What is chelex beads?
The correct answer and explanation is :
Chelex Beads – Definition and Explanation
Definition:
Chelex beads are chelating ion-exchange resin beads composed of styrene-divinylbenzene copolymers with paired iminodiacetate ions. These beads are commonly used in molecular biology and biochemistry for the rapid and simple extraction of DNA from biological samples by binding and removing divalent metal ions (e.g., Mg²⁺, Ca²⁺) that can degrade DNA.
Explanation (300 words):
Chelex beads, often referred to as Chelex 100 resin, are a specialized type of ion-exchange resin used widely in laboratories for the extraction and purification of nucleic acids, particularly DNA. The resin is composed of styrene-divinylbenzene copolymer beads to which iminodiacetate groups are chemically attached. These functional groups act as chelating agents, meaning they have the ability to bind tightly to metal ions, especially divalent cations like magnesium (Mg²⁺) and calcium (Ca²⁺).
In molecular biology, these metal ions play a crucial role in the activity of nucleases—enzymes that can degrade DNA. By removing these ions, Chelex beads inhibit nuclease activity and thereby protect DNA from degradation during the extraction process. This property makes Chelex a valuable tool for quick and efficient DNA extraction, especially in forensic science, clinical diagnostics, and genetic testing.
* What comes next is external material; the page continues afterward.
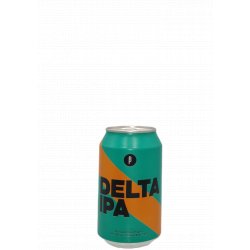 Delta Saison IPA 6% 33cl - Brygshoppen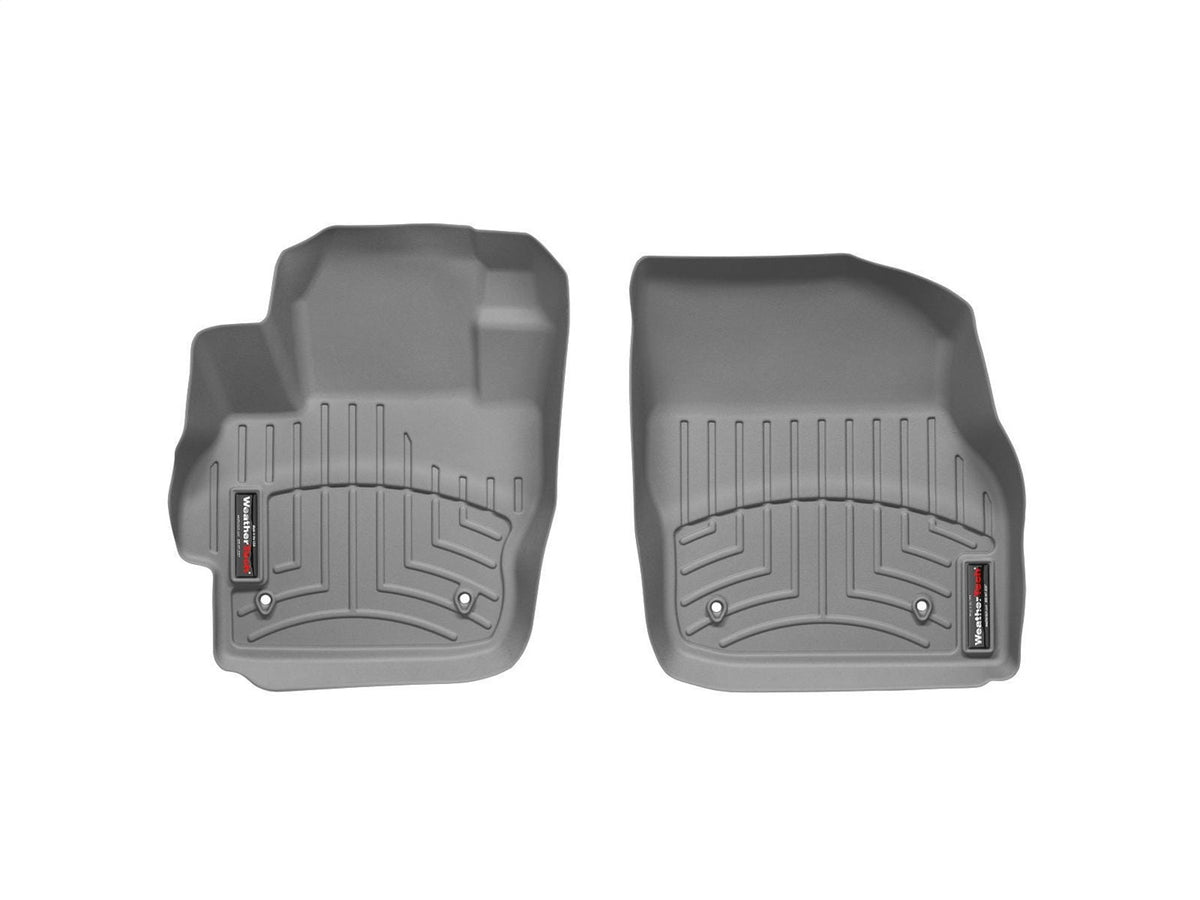 Weathertech - FloorLiner™ DigitalFit® - Gray Front 10-13 3 - 462401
The Chelex extraction method typically involves mixing the biological sample (e.g., blood, saliva, or buccal cells) with a suspension of Chelex resin in water or buffer. The mixture is heated to denature proteins and lyse cells, releasing DNA into the solution. The Chelex beads bind divalent ions released during this process, rendering the sample nuclease-inactive. After centrifugation, the supernatant containing the purified DNA is collected for downstream applications like PCR (polymerase chain reaction).
One major advantage of Chelex-based extraction is that it’s quick, inexpensive, and does not require organic solvents or complex procedures. However, the resulting DNA may be single-stranded or less pure compared to other methods, so it is mostly used in applications where high purity is not critical.